If it were to become widespread, and the present restriction to over-subscribed schools to be removed by law, what course of action would be left to a local authority in respect of a child unwilling to "sign up" and thus refused admission to any of the authority's maintained schools - allocation to a pupil referral unit?
The implication necessarily seems to be that the local authority's present power in Section 13 of the 1993 Act to get round this, by directing a school to take a child for whom no place could otherwise be found, would be abrogated. Even if the scheme were not to be extended to under-subscribed schools, the mere fact of its wholesale adoption by the over-subscribed must necessarily introduce an additional, routine complication into the annual admissions process, extending the timetable for this.
The real imponderable is what happens where such a document has been entered into and the child infringes its requirements. For if it has no observable consequence, the entire exercise is otiose. It seems to be erroneously imagined by the proponents of such "contracts" that they empower the school to proceed in a manner which without the document would have been unlawful.
But contracts do not purport to lay down any new sanctions: the redress for a breach remains, as already available for any sufficient misbehaviour, exclusion, either short-term or permanent, with the statutory appeal rights attendant on that punishment.

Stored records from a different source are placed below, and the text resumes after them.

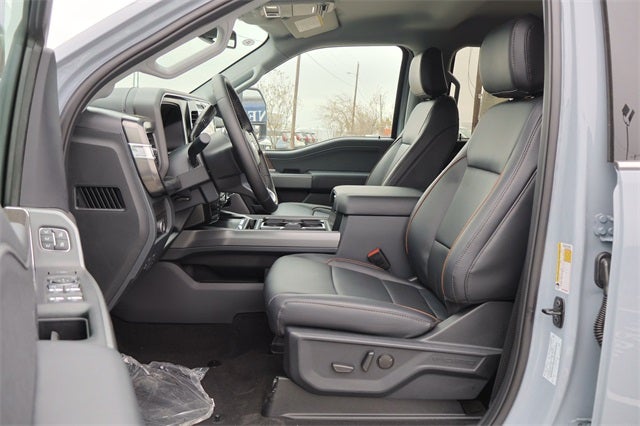 2026 Ford Super Duty F-450 Lariat DRW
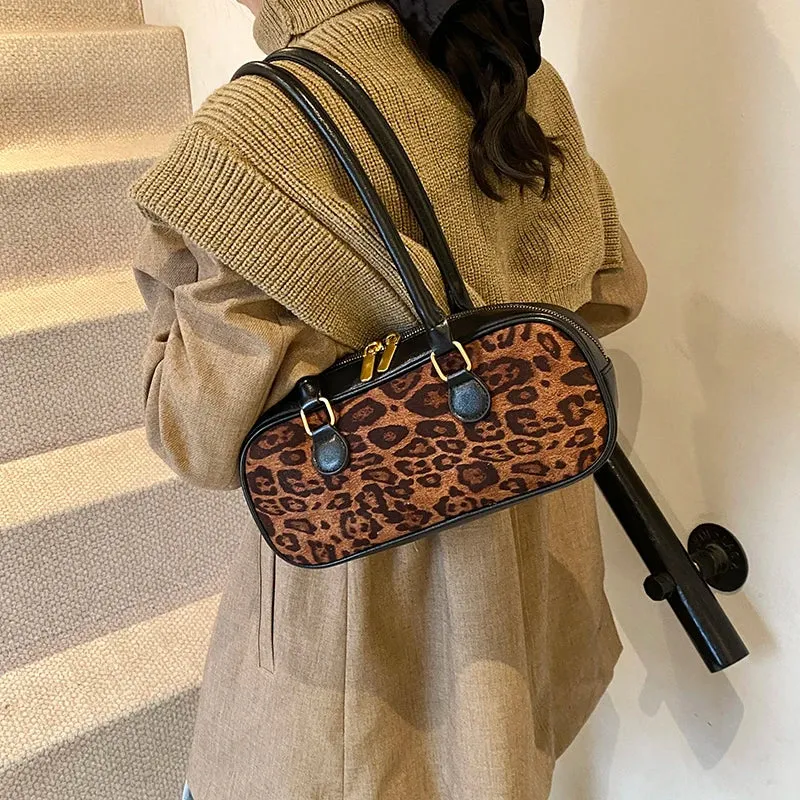 Leopard Faux Leather Zipper Handbag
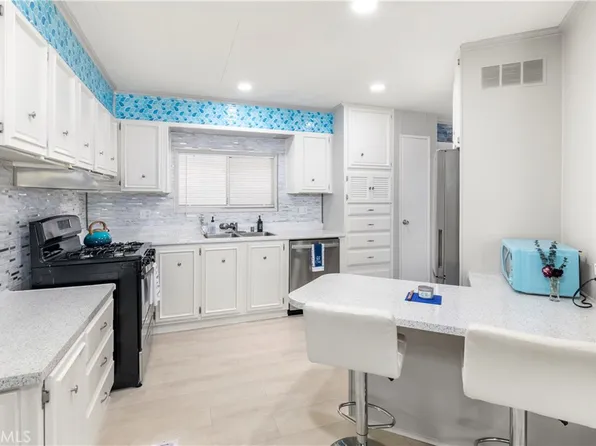 881 N Lake St #253, Hemet, CA 92544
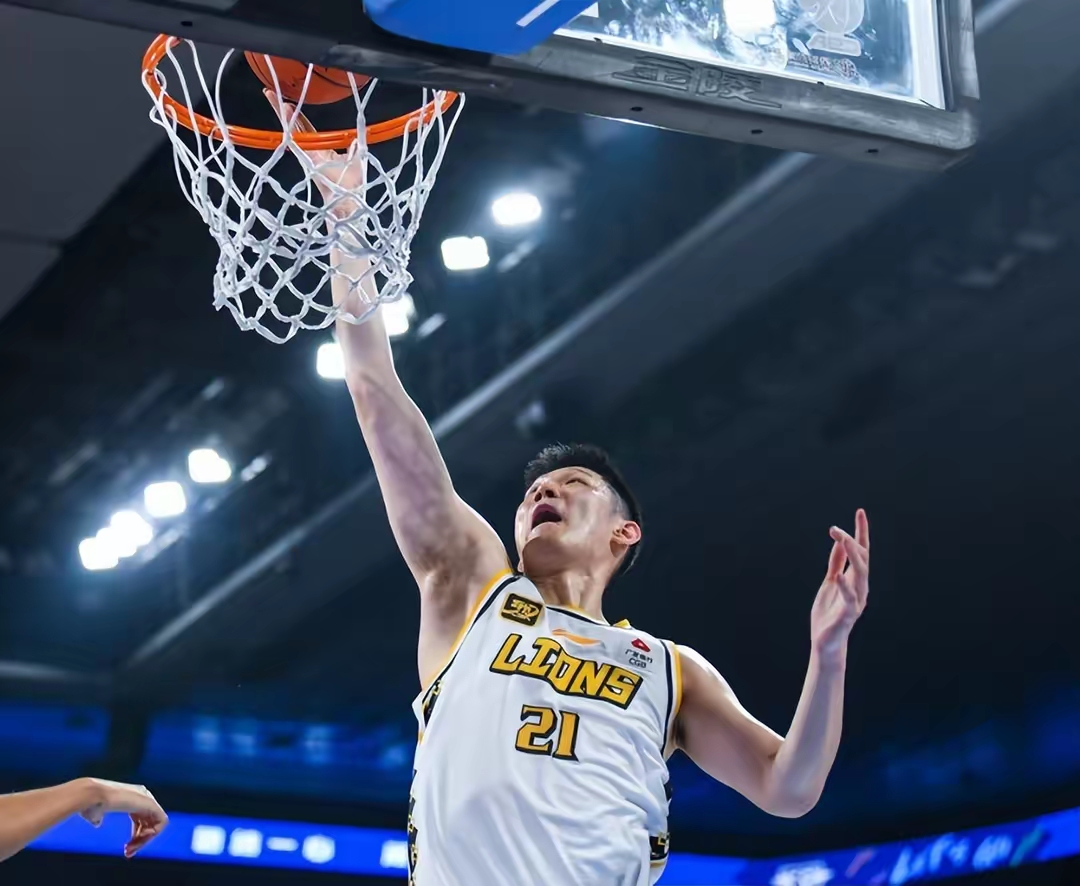 今晨广州队回应争议:NBA总决赛节点到来,悬念犹存,资深球员宣示担当(nba总决赛开场球员介绍) 今晨广州队回应争议:NBA总决赛节点到来,悬念犹存,资深球员宣示担当(nba总决赛开场球员介绍)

A properly instructed appeal committee ought always to reinstate a child where the school has simply relied on breach of the document without attempting a proper balance of the gravity of the offence and the severity of the punishment. It could be proposed that such a committee should be obliged to accept breach pure and simple as prima-facie evidence of behaviour justifying exclusion, subject to rebuttal upon investigation by the committee. But this would be a minutely small nut to be cracked by such a statutory sledgehammer. Exclusion apart, the document would add nothing to a school's existing disciplinary powers.
One can hardly imagine any new law exacting damages from the parent, although the model of coercing children through sanctions against a parent does exist, in respect of truancy.

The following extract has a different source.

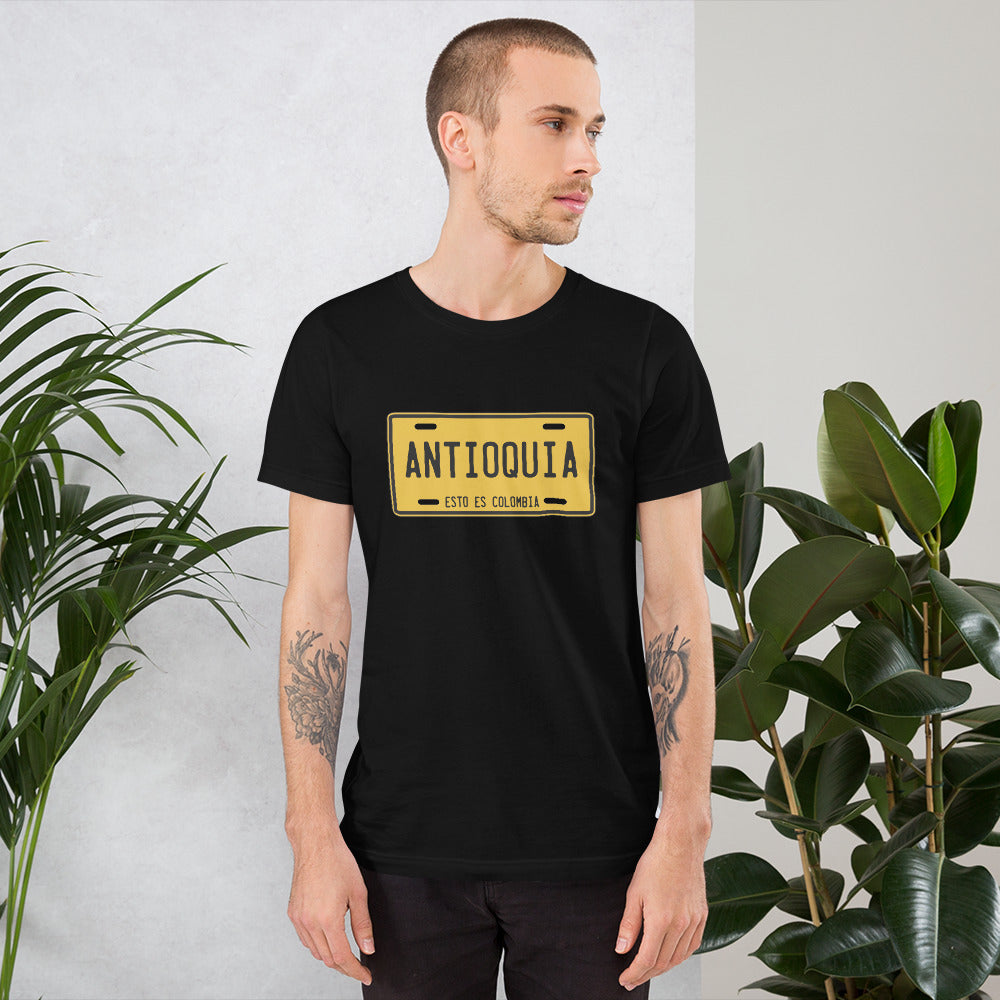 Muestra tu orgullo colombiano con la Camiseta Placa de  Antioquia. Diseñada con los mejores materiales y un estampado duradero.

The law is, in fact, far clearer in respect of the primary area in which such "contracts" are being operated at present - the situation of a child following exclusion. At the end of a fixed-term exclusion, or after reinstatement by appeal process following a permanent exclusion, a registered pupil has an absolute entitlement to be re-admitted: no signature can be required as a precondition of entry, nor refusal to sign be made grounds for further exclusion.
If this is what is being proposed, Mr Hart's interview clouded the issue. The Secretary of State's direction under sections 68 or 99 of the 1944 Act would lie against any such abuse of its functions by the school. The common custom of imposing such a requirement as a means of impressing recalcitrant children (or lackadaisical parents) with the gravity of their situation is, in my view, improper.
It attempts to coerce by falsehood, disguising from the uninstructed that the school would be exceeding its powers by relying on a piece of paper to justify anything otherwise unjustified. A responsible institution should not bluff pupils: the relationship should be based on clear, mutually understood legal rules.